Preview by Samuel E. Meredith, Senior Online Editor
Faithful SCOTUS fans will recall that the Court decided last term to abandon one of its precedents in South Dakota v. Wayfair. This term, in Hyatt, the Court will once again decide whether one of its prior decisions should be overturned.
The underlying dispute in Hyatt began over 20 years ago when the Franchise Tax Board of California (“the FTB”) launched an investigation to determine whether Hyatt, who by then was living in Nevada, owed back taxes from when he lived in California. Several years after the audit began, Hyatt, citing investigatory misconduct, filed a number of tort claims against the FTB in Nevada state court. Constitutional disputes (and two visits to the Supreme Court) followed. When the case proceeded to trial, a jury ruled in favor of Hyatt on each of his claims. The Nevada Supreme Court reversed some of these findings but affirmed others.

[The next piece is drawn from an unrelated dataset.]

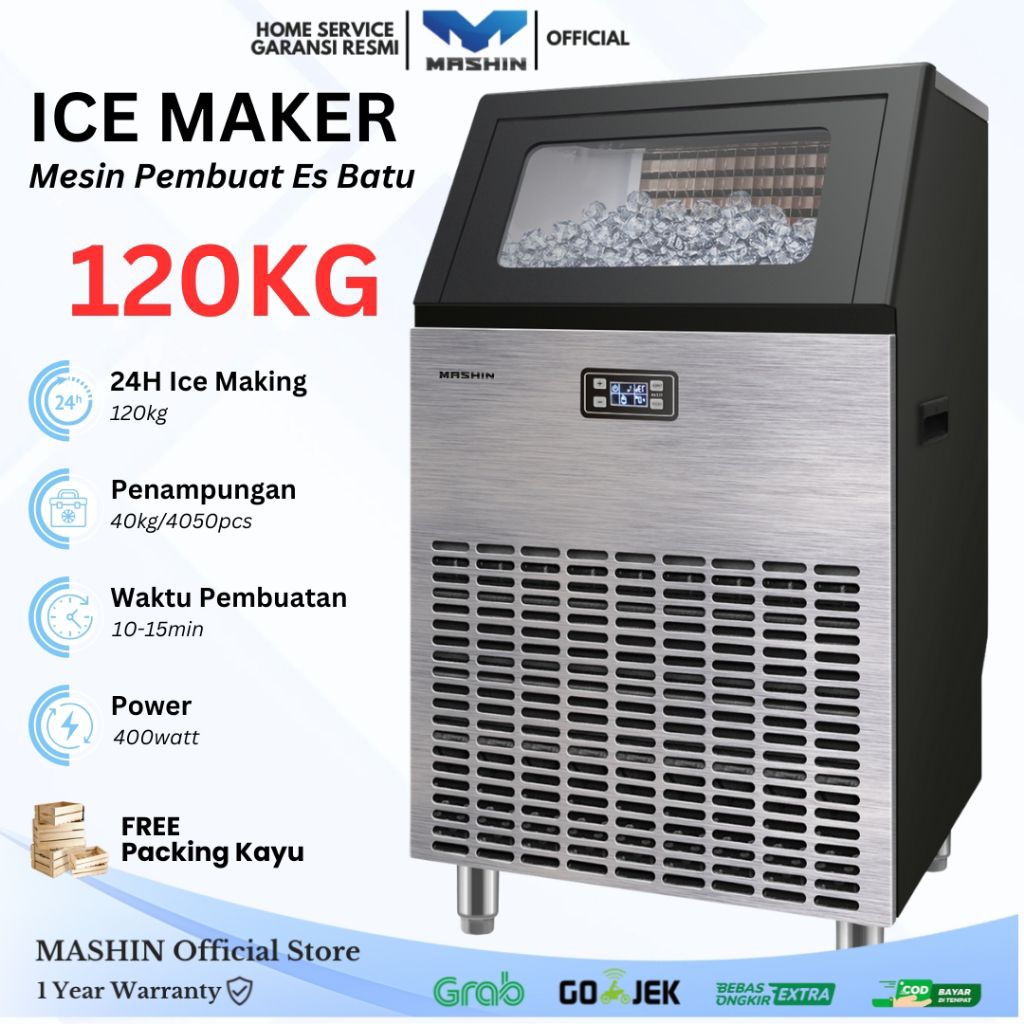 Mashin - Mesin Es Batu Kristal 100-120kg/Hari Ice Maker Kapasitas Besar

This time, the parties’ dispute before the Court stems from Nevada v. Hall, 440 U.S. 410 (1979), in which the Court ruled that a state may be held fully liable in the courts of another state. The continued viability of Hall was among the issues presented in Hyatt’s second visit to the Court, but a deadlock among the Justices left the ruling of the court below in place. The Court’s treatment of Hall this time around will determine the validity of the outstanding judgments against the FTB.

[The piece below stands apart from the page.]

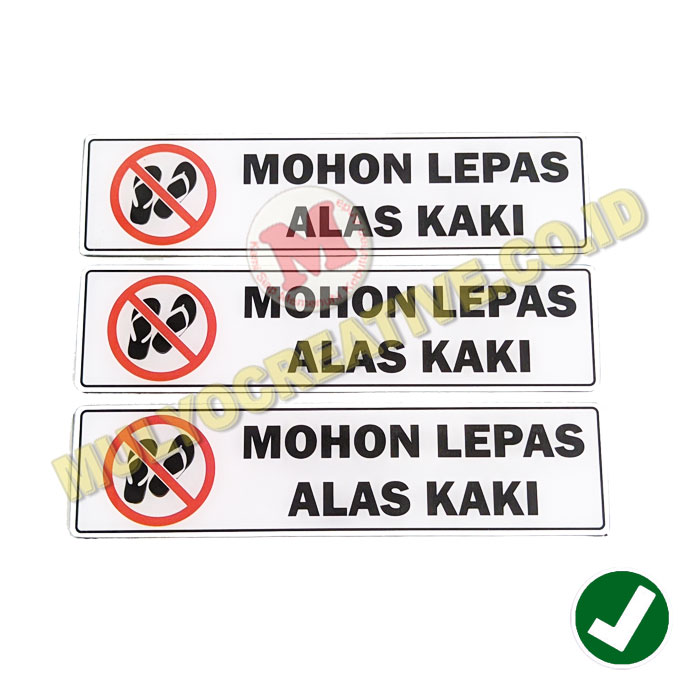 Papan Peringatan Papan Acrylic Mohon Lepas Alas Kaki Papan Akrilik Pesan Sabuk Sekolah Piala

The FTB contends that Hall was incorrectly decided because “a considerable body of historical evidence establishes that the Framers did not intend to abrogate States’ immunity in courts of other States.” Brief for Petitioner, Franchise Tax Board of Cal. v. Hyatt, No. 17-1299 (U.S. filed Sept. 11, 2018). To support this conclusion, the FTB points to cases predating the Constitution, and argues that the Constitution did nothing to disrupt the sovereign immunity framework embodied in those cases. The FTB further asserts that Hall should be overturned because it “has proven impracticable in its ‘real world implementation.’” Id. at 39 (quoting South Dakota v. Wayfair, 138 S. Ct. 2080, 2097 (2018)).
Hyatt, on the other hand, argues that this dispute should have never been brought to the Court in the first place, citing “the law of the case doctrine.” Brief for Respondent at 12, Franchise Tax Board of Cal. v. Hyatt, No. 17-1299 (U.S. filed Nov. 15, 2018). Alternatively, Hyatt argues that the FTB “waived the ability to ask for Nevada v. Hall to be overruled” by failing to raise the issue when the parties were before the Court for the first time. On the merits, Hyatt avers that the FTB “has failed to provide the ‘compelling justification’ for overruling a long-standing precedent.” Id. at 18.